Gartner is for followers, not leaders. Maybe you need to revisit your "world"
I don't disagree.
And the trouble with "someone to follow" is this:
In real life, anyone can fail. If you go by the advice of someone in an authority position, then the authority position should pony up some of the responsibility in the process.
Except they don't.
Because they took people and led 'em for a drive.
Off the cliff, it seems.
It's hard to be a "free society" when everybody invariably follows someone who talks the prettiest, claims to be the most respected, but then does nothing to back up their claims with - especially if they are wrong.

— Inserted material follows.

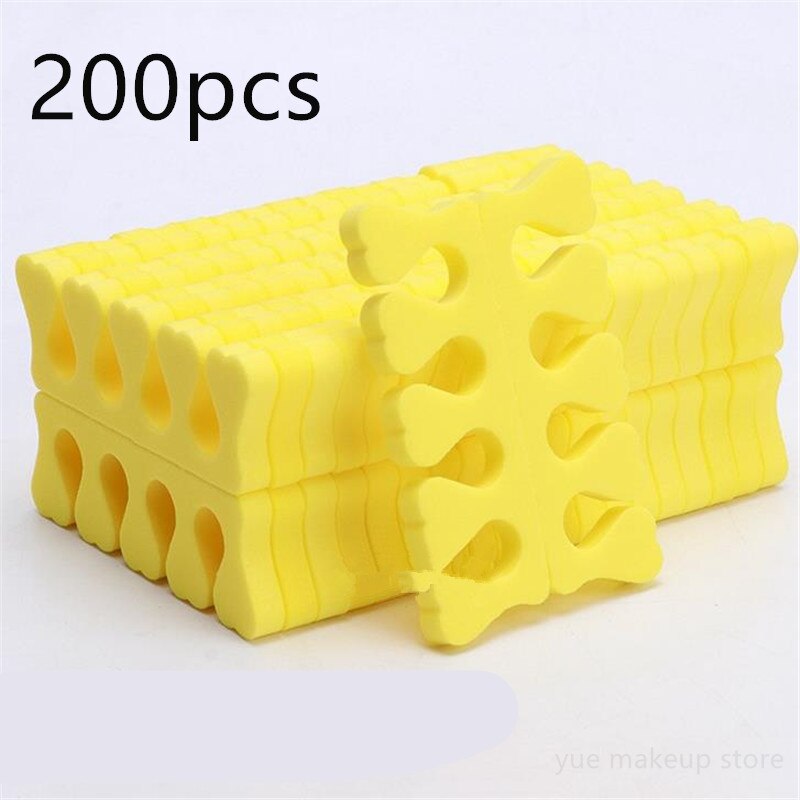 100/200/500pcs Soft Foam Pedicure Toe Separators Nail Art Finger Separators Toe Stretcher For Toe & Finger 20#: 200pcs yellow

What does that say about the quality and veracity of what these authority figures purportedly represent?
The word "hollow", "hypocritical", and other choice words spring to mind.
But we're hardly a "free country" if everybody feels more comfortable following everyone else, regardless of reason. And free will on its own tends to be costly, which helps people seek out "authority types" to begin with... psychology is useful; both the authority-wannabes and the authority-needy both use it. Just in different ways.

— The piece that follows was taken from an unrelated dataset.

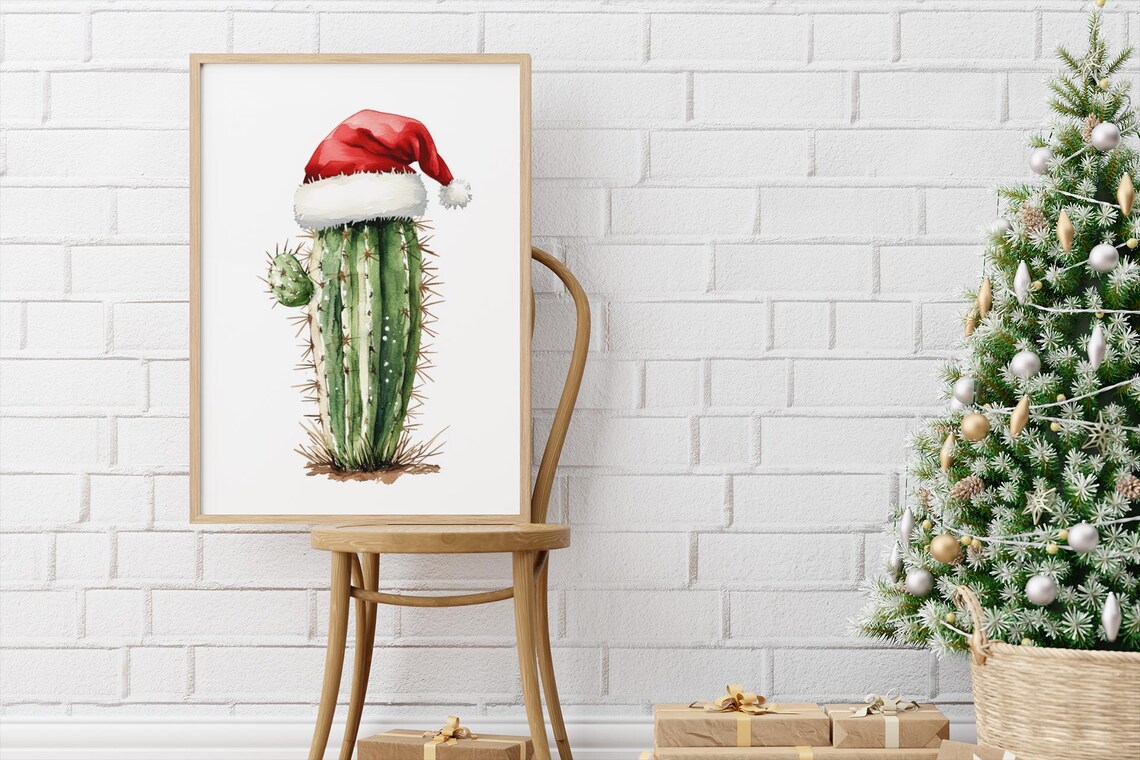 Christmas Cactus Watercolor Painting Santa Hat Holiday Cactus Wall Art - Image 2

I agree with you. Tablet is a form factor, has been since Moses :-)
Maybe
As for Kindle, you can get pretty much everything that the Fire offers on a regular tablet... Basically, you get the Amazon App Store, Amazon Kindle Reader, Amazon MP3, and Amazon Prime Movies through the browser (yes it works very well)... In short, the Kindle ecosystem is available to all Android Tablets but the Google Play store isn't available to the Fire without rooting.
You're right, Win7 tablets are tablets
I agree with Microsoft's position too; tablets are PCs. The iPad is a PC as far as I'm concerned, I certainly use it like one. But Microsoft doesn't want that either; bundle the iPad into the PC market and look at the trend and it starts to look pretty scary if you're Microsoft.
They have to remain separate at least until Microsoft has something that is not outright embarrassing. The question is, will Win8 tablets actually sell?
I'll be shocked if they do. Win8 ARM has nothing at all going for it; won't run legacy apps, won't have much in the way of Metro apps, needs more hardware than either Android or especially iOS. I think Win8 tablets live or die by x86, and if that is the case theit will die on the basis of price. Windows x86 tablets are going to need four times the hardware in several dimensions compared to iOS (we know already that it's not a lot smaller than Win7, to put it generously). That means base prices closer to $800 than $500. There will be markets, I'm sure, but more like what Windows has traditionally managed, not iPad size markets or Windows laptop size markets.
Apps? Get real.
Low spec...
Trying to find a "proper" Windows 7 tablet, as opposed to a touch Netbook, is very hard work.
We had a usecase for a tablet, the iPad and the Android fleet discounted themselves as they cannot run the full Java stack, but the Windows suppliers didn't do themselves any favours either, their tablets were clunky, slow, poorly designed and constructed and switching between landscape and portrait modes was painful, video playback was poor and the battery life abysmal.